Records from a dataset:

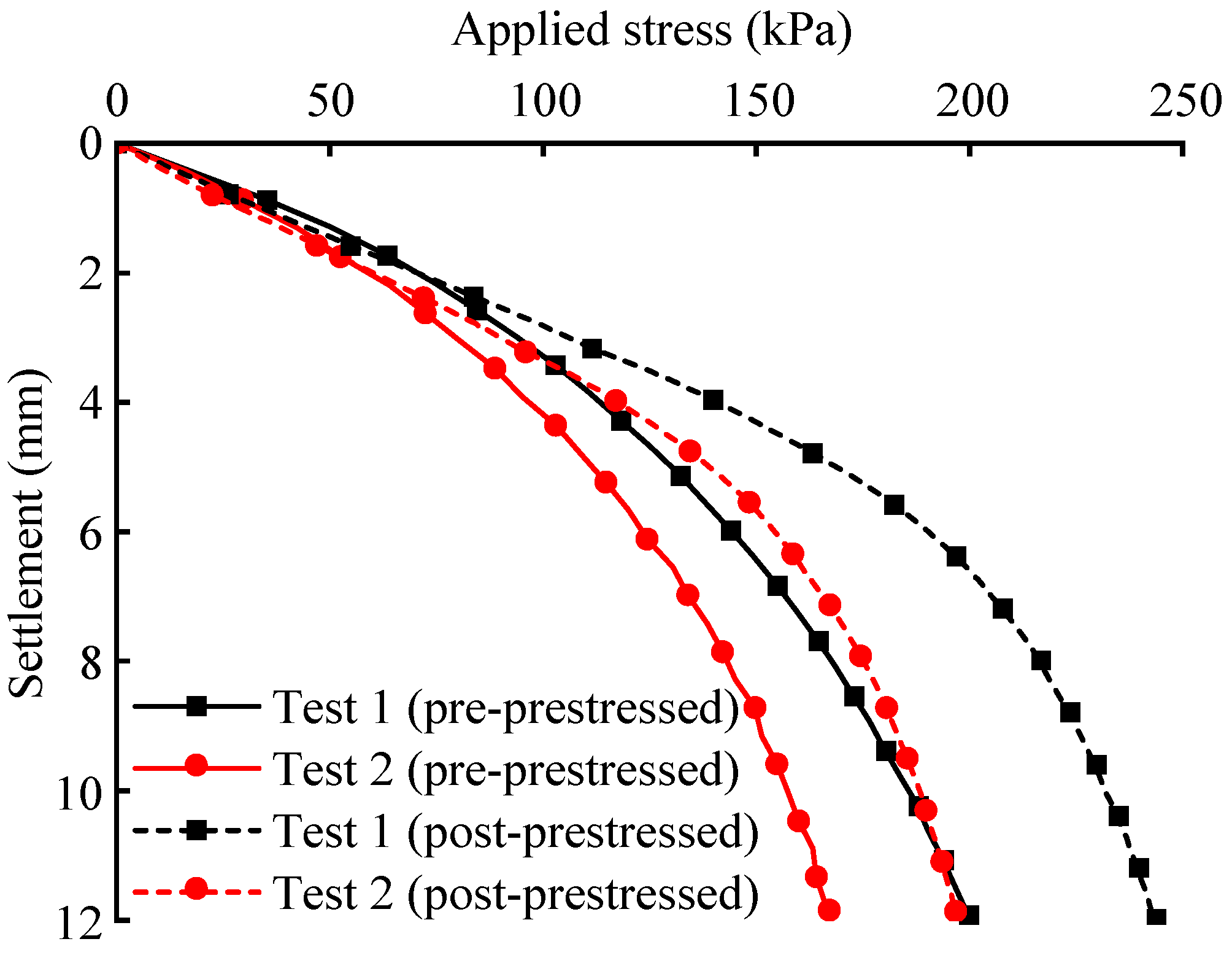 Buildings 15 01278 g007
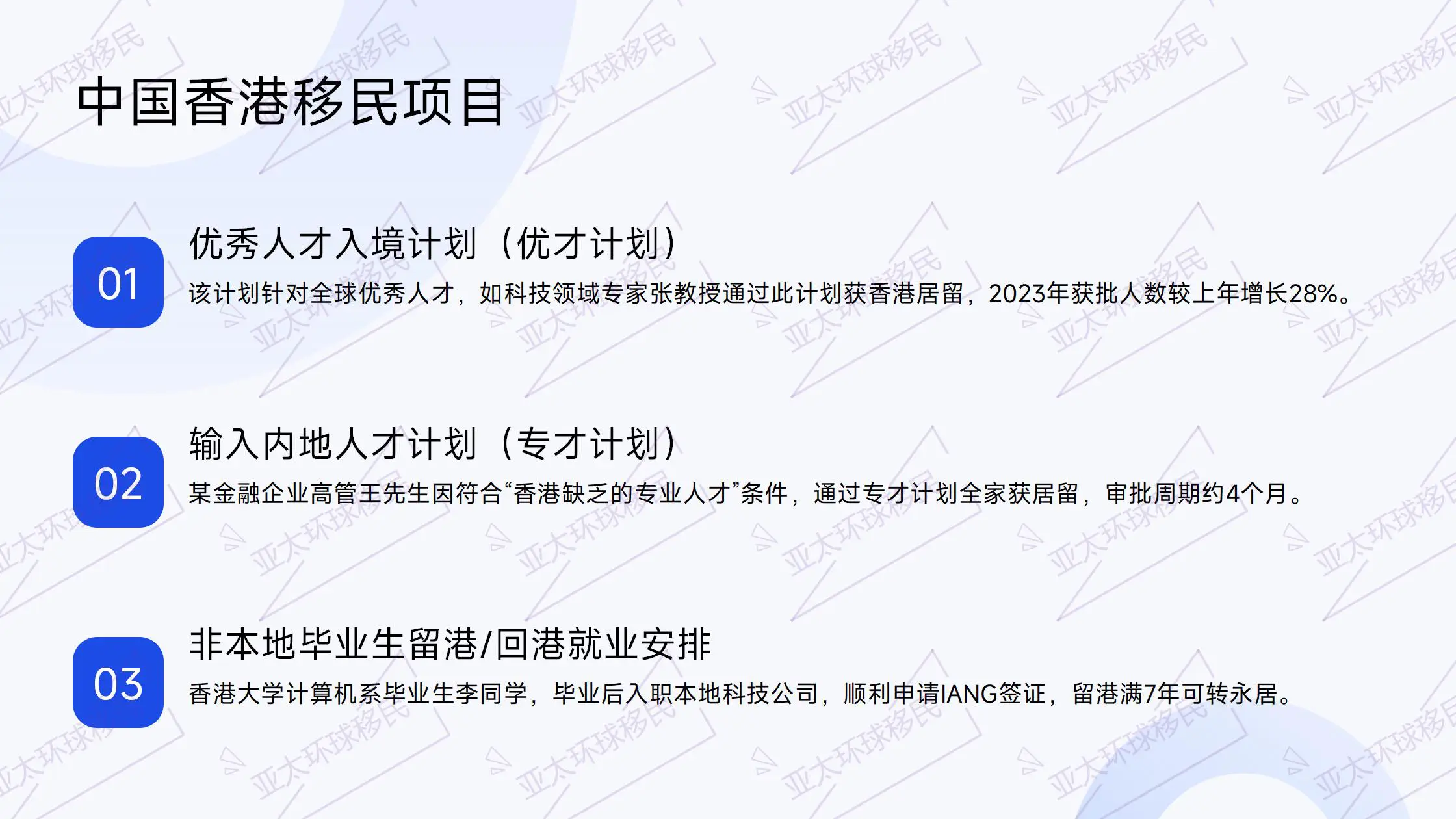格林纳达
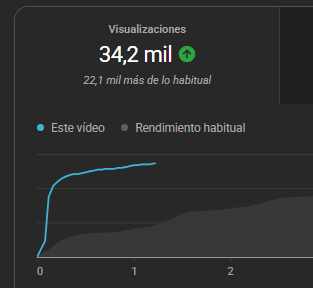 ANDYSPARDA's tweet photo. @YoutubeShorter Luego de 10 meses sin subir contenido. https://t.co/DN4GQMPvOT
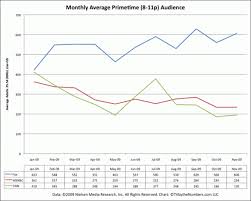 Fox News Near 2009 Primetime Ratings Peak While Msnbc Cnn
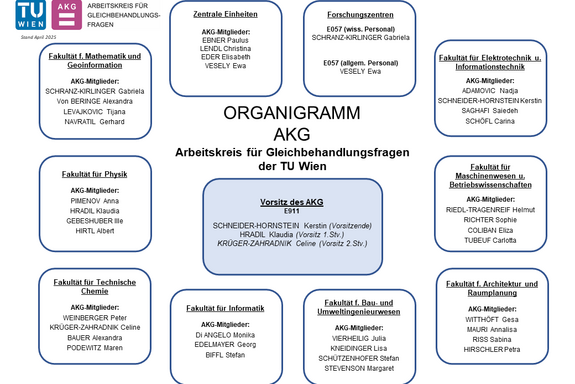 Organigramm des AKG der TU Wien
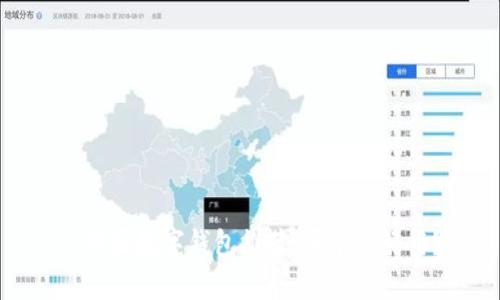 : 中国数字钱包推荐:哪个更好用?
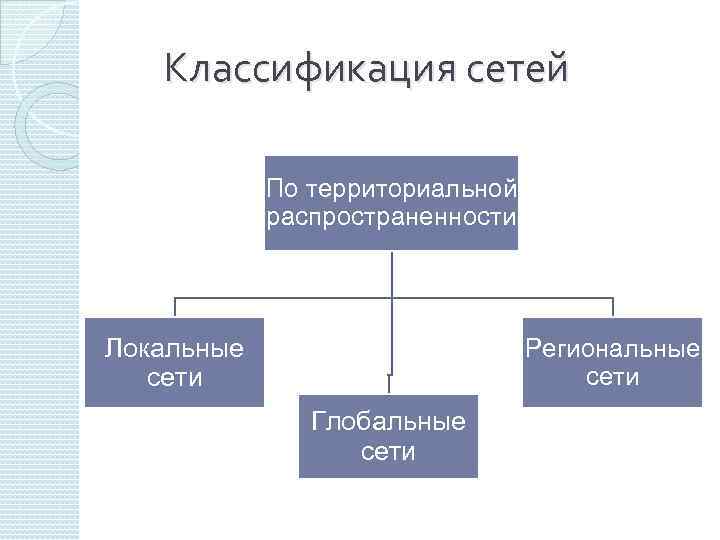  Классификация сетей По территориальной распространенности Локальные сети Региональные сети Глобальные сети 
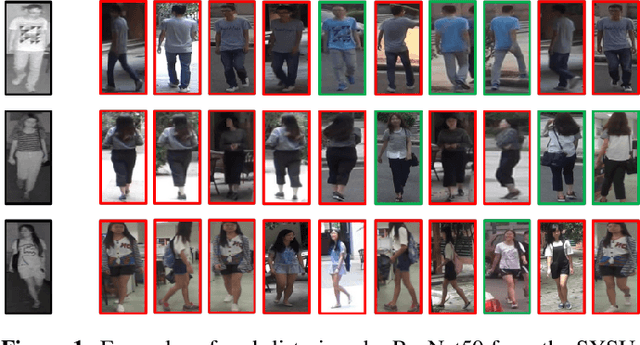 Figure 1 for Domain Adversarial Training for Infrared-colour Person Re-Identification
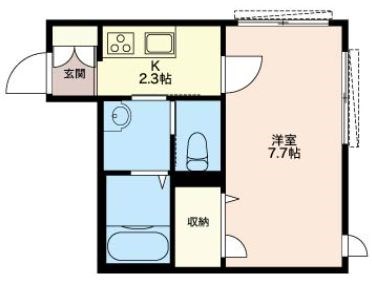 フラットワセダ 間取り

**Exercise directions**
An exact reproduction of the data is required, with pictures excluded.

**Task response**
 Buildings 15 01278 g007
格林纳达
 ANDYSPARDA's tweet photo. @YoutubeShorter Luego de 10 meses sin subir contenido. https://t.co/DN4GQMPvOT
 Fox News Near 2009 Primetime Ratings Peak While Msnbc Cnn
 Organigramm des AKG der TU Wien
 : 中国数字钱包推荐:哪个更好用?
  Классификация сетей По территориальной распространенности Локальные сети Региональные сети Глобальные сети 
 Figure 1 for Domain Adversarial Training for Infrared-colour Person Re-Identification
 フラットワセダ 間取り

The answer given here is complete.